Fetching Inference Data

This section describes how a user can fetch the inference data with a python API which can be used to re-train the model on real time data.

For example, user can download the the inference data of past one month in which actual values are also logged with the following API.

import mlfoundry as mlf

client = mlf.get_client()

inference_data = client.get_inference_dataset(
    model_fqn="",
    start_time=datetime.now() - timedelta(days=30),
    end_time=datetime.now(),
    actual_value_required=True,
)

How to get the model_fqn?

All models can be found in the experimentation tracking section of Truefoundry's dashboard. Go to the dashboard and click on the project and navigate to the models section.

3008

Getting model_fqn from experimentation tracking dashboard

The models which have monitoring enabled can be found in the monitoring dashboard.

1514

Getting model_fqn from monitoring dashboard

Response stucture of get_inference_dataset

The returned object inference_data is of class GetDatasetResponse defined below:

class GetDatasetResponse(BaseModel):
    total_rows: int
    data: List[DatasetData]

class DatasetData(BaseModel):
    data_id: str
    features: Dict[str, Union[int, float, str]]
    actual: Dict[str, Union[int, float, str]]
    raw_data: Dict
    created_at: datetime

Note: If start_time and end_time passed by user are not timezone aware, then timezone is considered to be UTC by default.

Using the inference data for retraining

The returned inference data can be used for offline analysis, EDA or simply retraining the model on this new data.

Here is an example:

# load the initial dataset
X_train, y_train, X_test, y_test = load_initial_dataset()
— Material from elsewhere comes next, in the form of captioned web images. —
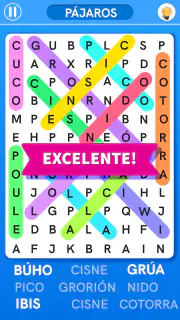 Sopa de Letras Español screenshot 1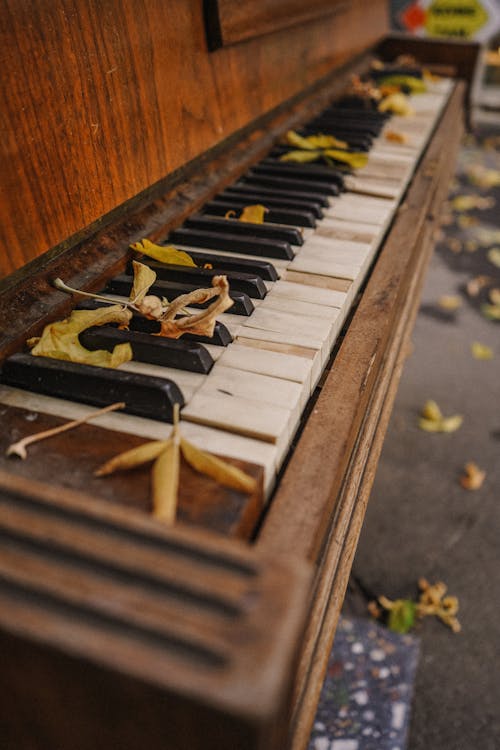 Close-up of Leaves in a Wooden Piano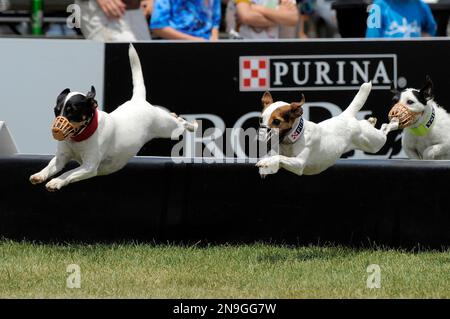 Jack russell hot sale hurdle racing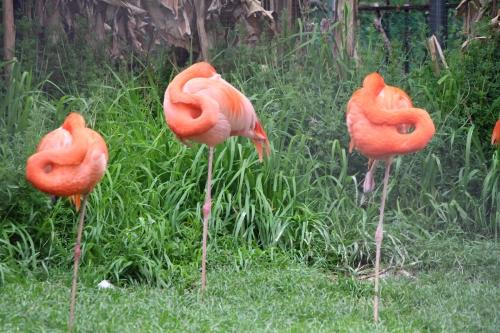 池田動物園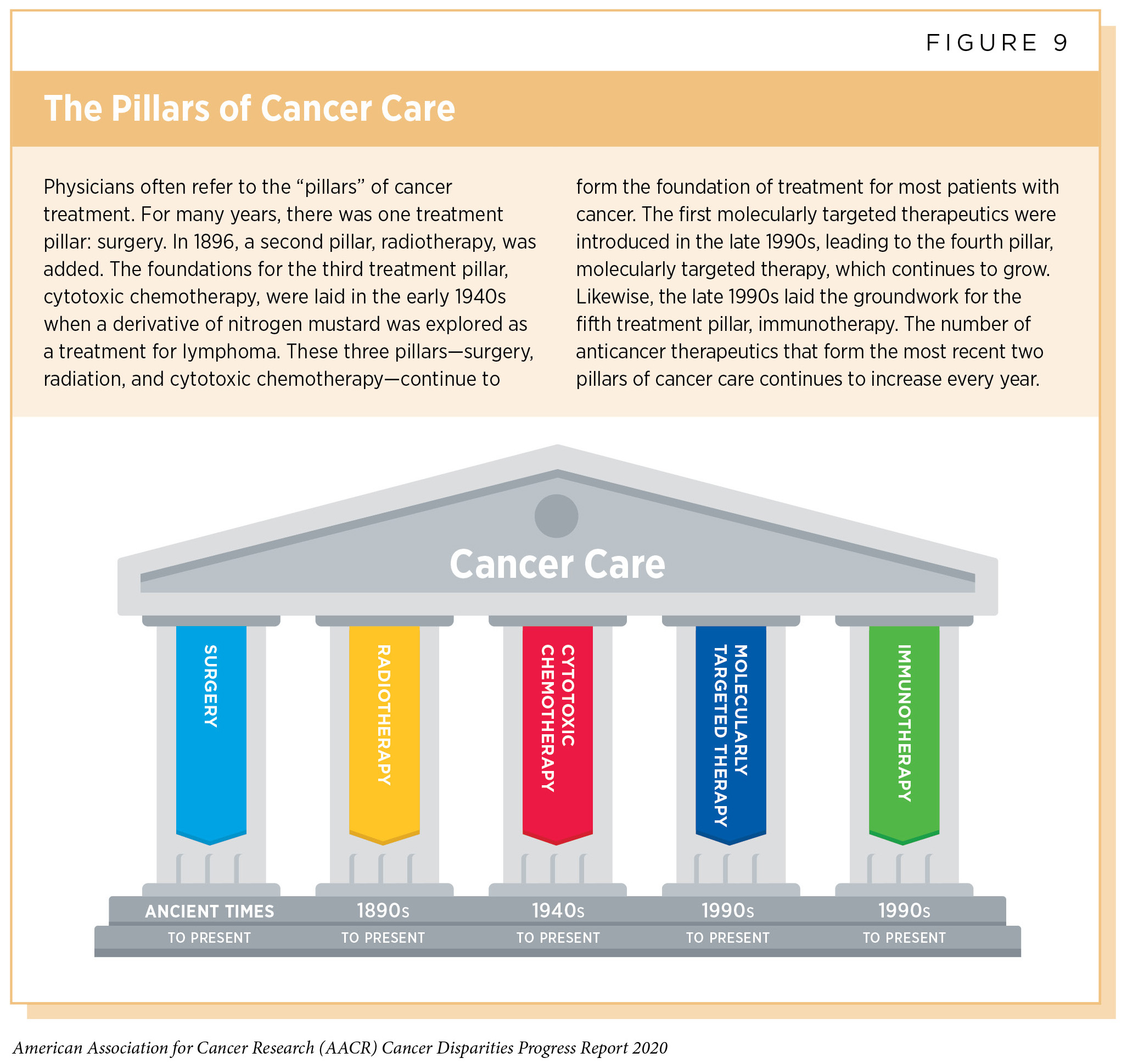 Cancer Treatment Disparities  AACR Cancer Disparities Progess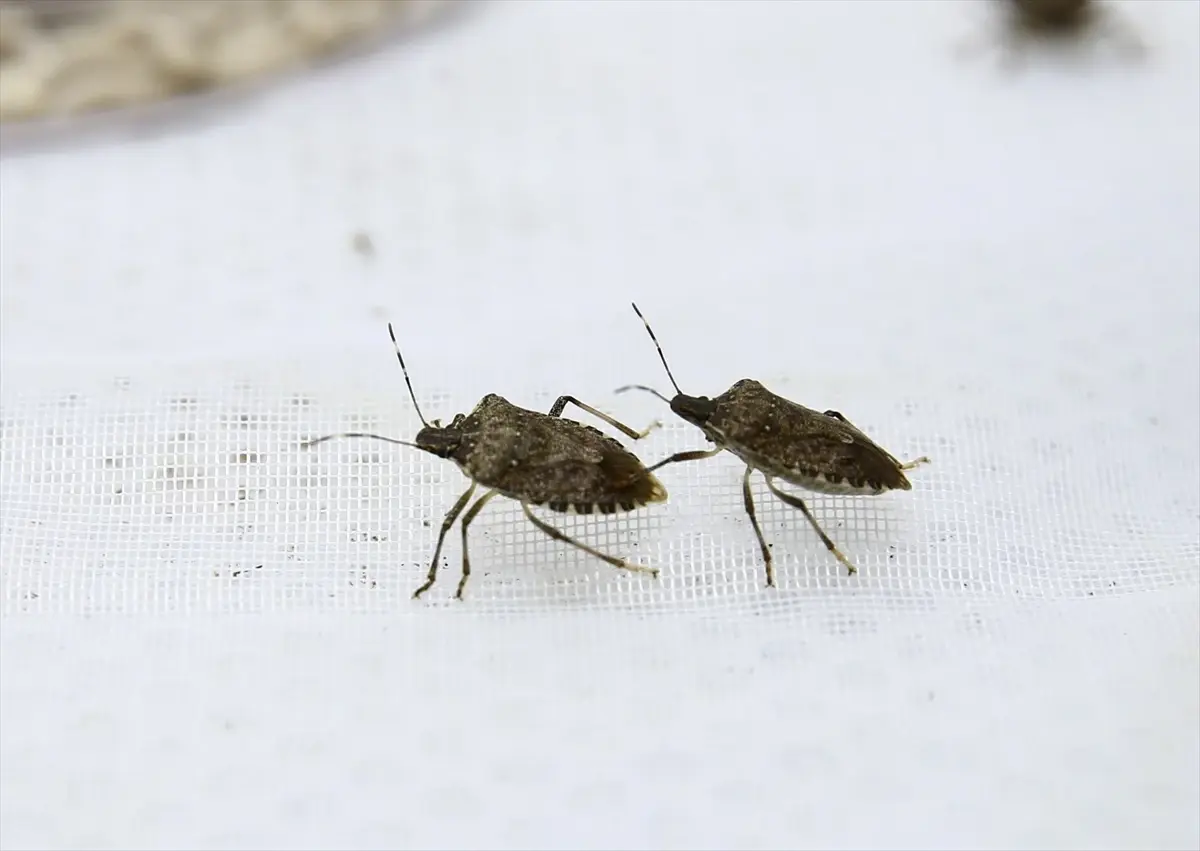 Kahverengi Kokarca ile Biyolojik Mücadele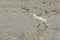 Snowy egret, egretta thula, a beautiful white heron standing on the shore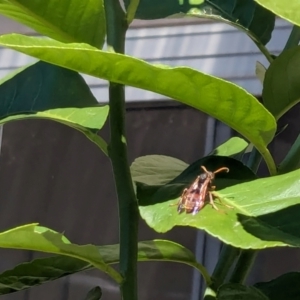 Polistes (Polistella) humilis at Franklin, ACT - suppressed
# fetch the inference dataset for last 7 days where actuals were also logged
client = mlf.get_client()
inference_data = client.get_inference_dataset(
    model_fqn=model_fqn,
    start_time=datetime.now(timezone.utc) - timedelta(days=7),
    actual_value_required=True,
)

# append the inference dataset to the train dataset
X_train.append([data.features for data in inference_data], ignore_index=True)
y_train.append(
    pd.Series([int(data.actual["value"]) for data in inference_data]),
    ignore_index=True,
)

# retrain the model
model = train_script(X_train, y_train, X_test, y_test)